Заканчивалось 10 января 705 года от основания Рима, сорок девять лет оставалось до рождения Иисуса Христа. Солнце давно закатилось за вершины Апеннин. В сумраке темнели плотные ряды выстроившегося в полном походном порядке 13-го легиона. Ночь вполне могла оказаться морозной, однако солдаты были приучены к невзгодам. Восемь лет они следовали за правителем Галлии из одного кровавого похода в другой — среди снега, в летний зной, к границам мира. Но теперь, возвратившись из населенной варварами северной глуши, они оказались перед границей совершенно иного рода. Перед ними протекал узкий ручеек. Легионеры находились на берегу провинции Галлия; на противоположном берегу начиналась Италия, и уходящая вдаль дорога вела к Риму. Однако, вступив на нее, воины 13-го легиона совершили бы страшное преступление, нарушая не только границу провинции, но и самые суровые законы римского народа. По сути дела, они объявили бы гражданскую войну. И все же легионеры уже готовы были совершить первый шаг к катастрофе — они вышли к границе. Притоптывая, чтобы не замерзнуть, они ожидали зова труб, чтобы продолжить путь; взять на плечо оружие, сделать первый шаг и пересечь Рубикон.

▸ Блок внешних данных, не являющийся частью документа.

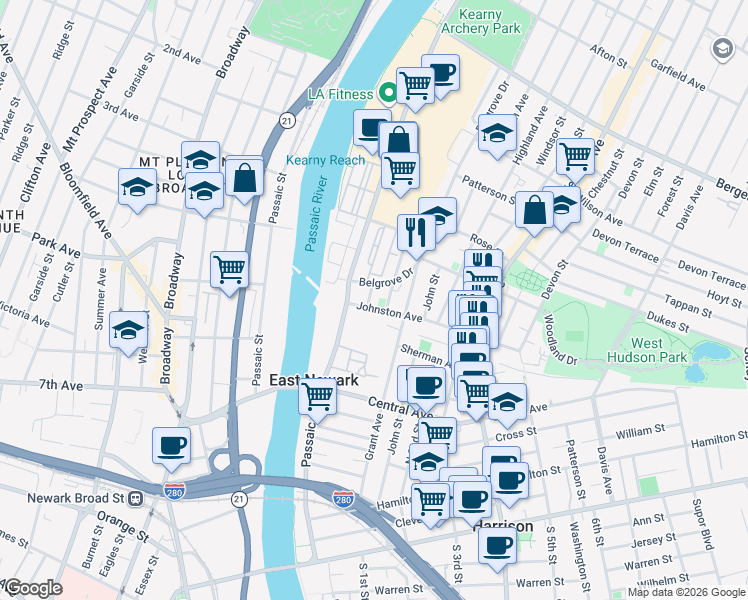 map of restaurants, bars, coffee shops, grocery stores, and more near 34 Johnston Avenue in Kearny
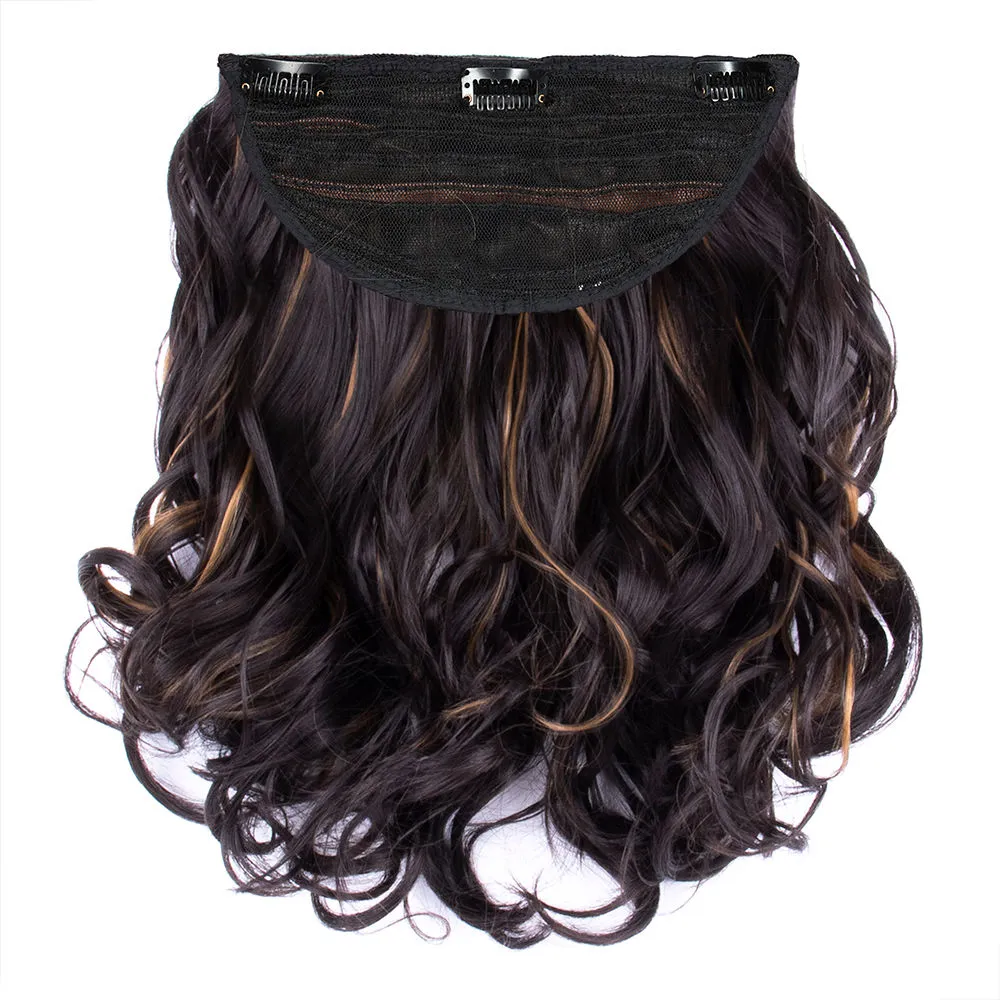 Streak Street Clip-In 18 Full-Wavy Dark Brown Hair Extensions With Golden Highights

Но когда же прозвучит сигнал? В ночи бурлил вздутый горным снегом ручей… Трубы безмолвствовали. Легионеры напрягали слух. Они не привыкли ждать. Обыкновенно, во время сражений, они были в авангарде и разили неприятеля подобно молнии. Их полководец, правитель Галлии, был известен своей порывистостью, внезапностью и скоростью. Более того, он уже отдал им приказ к вечеру этого дня перейти Рубикон. Так почему же возникла эта внезапная остановка теперь, когда они оказались на самой границе? Мало кто мог бы различить полководца в полумраке, однако собравшиеся вокруг командира штабные офицеры видели его охваченным муками нерешительности. Вместо того чтобы жестом послать своих людей вперед, Гай Юлий Цезарь вглядывался в бурные воды Рубикона и не говорил ничего. К молчанию склонялся и ум его.
У римлян было особое слово для подобных мгновений — discrimen — мгновение опасного и мучительного напряжения, когда на кон могли быть поставлены все достижения целой жизни. Карьера Цезаря, как и любого стремившегося к величию римлянина, являла собой череду подобных критических моментов.

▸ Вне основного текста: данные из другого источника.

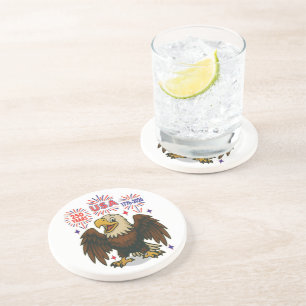 Dessous De Verre En Grès Aigle chauve avec feu d'artifice – États-Unis 250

Снова и снова рисковал он собственным будущим — и всегда выходил победителем. С точки зрения римлян, это и было показателем человеческого достоинства. Однако задача, стоявшая перед Цезарем на берегах Рубикона, оказалась особенно тяжелой — тем более с учетом того, что была результатом его предыдущих успехов. Менее чем за десятилетие он заставил сдаться 800 городов, покорил 300 племен и всю Галлию. Столь внушительное достижение в глазах римлян могло служить причиной как для триумфа, так и для тревоги. Что ни говори, все они были гражданами Республики и потому не могли позволить, чтобы один человек своими успехами постоянно отодвигал в тень собственных сограждан. Враги Цезаря, люди боязливые и завистливые, давно плели интриги, чтобы сместить его. И вот наконец зимой 49 года до Р.Х. им удалось загнать его в угол. Для Цезаря наступил момент истины: или подчиниться закону, отказаться от власти и смириться с крушением всей карьеры, или перейти Рубикон.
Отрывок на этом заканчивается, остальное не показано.